DPP PUSHES FOR EARLY RETIREMENT
EMBATTLED Director of Public Prosecutions (DPP), Leaba Thetsane (pictured) (King’s Counsel), has made a proposal to the government for early retirement to avoid a forced leave and a dishonourable exit.
Advocate Thetsane has made the proposal after resisting being placed on involuntary leave pending dismissal earlier this month by the Prime Minister Thomas Thabane-led government.
Sources close to the matter told the Sunday Express that the government was determined to see the back of Advocate Thetsane since he was seen as an obstacle to its ongoing prosecution of people accused of committing serious crimes.
The DPP is mandated with the prosecution of criminal offences.
The government has made no secret of its discontent with Adv Thetsane, with Acting Police Commissioner Holomo Molibeli accusing the DPP of purposely failing to oppose the granting of bail to murder accused former Defence minister Tšeliso Mokhosi earlier this month.
Mr Mokhosi was charged with murdering Police Constable Mokalekale ( PC) Khetheng along with four police officers. He has since fled the country citing an assassination plot.
Even though Adv Thetsane is scheduled to retire next year upon reaching the 60-year mandatory retirement age, it would be too late for the government which has committed to bring to book perpetrators of unsolved crimes in the preceding years, the sources said.

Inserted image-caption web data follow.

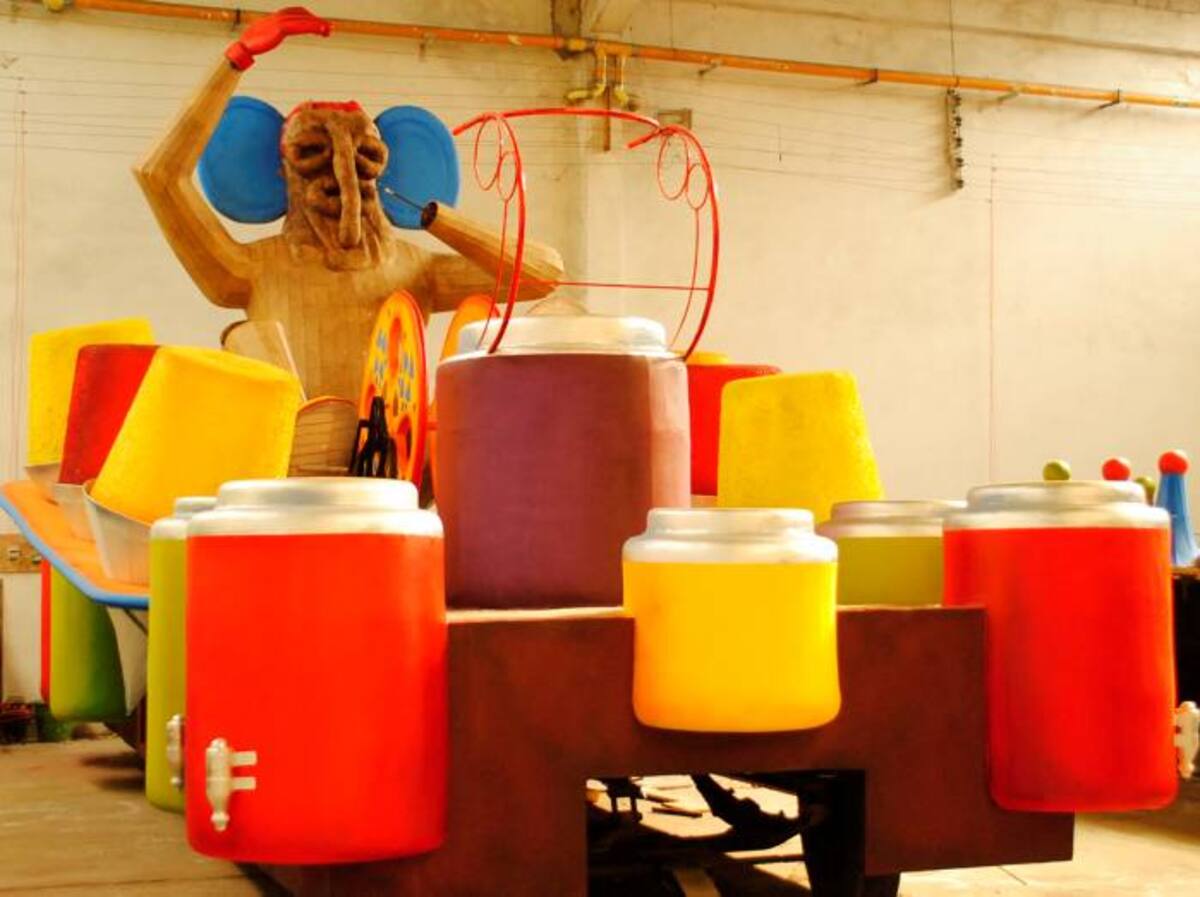 Carroza del rescate de la marimonda. Cortesía QHubo Barranquilla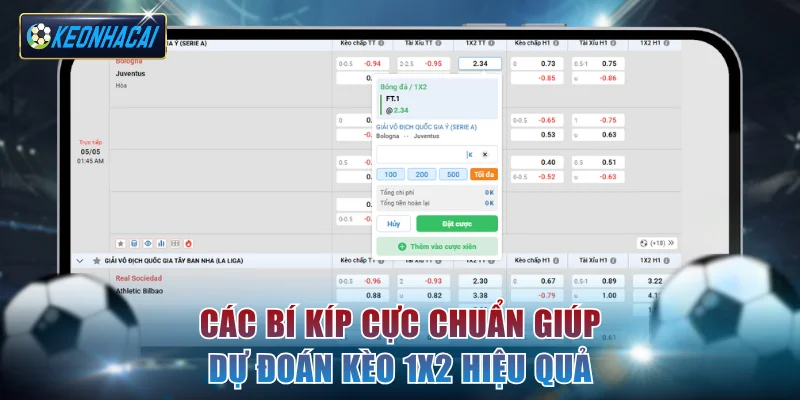 Các bí kíp cực chuẩn giúp dự đoán kèo 1x2 hiệu quả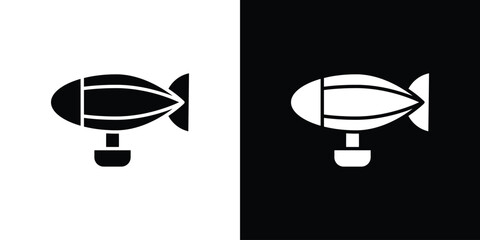 Airship icon of a flat style vector © Vince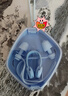 李寧（LI-NING）專業(yè)游泳耳塞鼻夾柔軟舒適中防水耳炎洗澡學游泳裝備 0017 天羽藍 曬單實拍圖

“So far, it looks like the two par- ties are eager to meet each other half-way but the government really wants him out of the picture as he is seen as an obstacle to government’s mission to prosecute major criminal cases,” another source said.
“Ntate Thetsane has since made a proposal to the government that he be allowed to take leave pending his retirement in 2018 and the ministry is deliberating on the matter.”
Law and Constitutional Affairs Minister Principal Secretary, ‘ Mole Khumalo, confirmed the development to this publication.
“The ministry is considering the proposal made by Ntate Thetsane and will get back to Ntate Thetsane once a decision has been made,” Adv Khumalo curtly said.
Adv Thetsane refused to comment on the matter when contacted last week, saying he does not give interviews to the media.
There has been no love lost between Adv Thetsane and Dr Thabane’s two coalition governments. Dr Thabane’s first tripartite coalition government — which was in power from June 2012 to March 2015 — retired Adv Thetsane and Attorney-General Tšokolo Makhethe (KC) in 2014.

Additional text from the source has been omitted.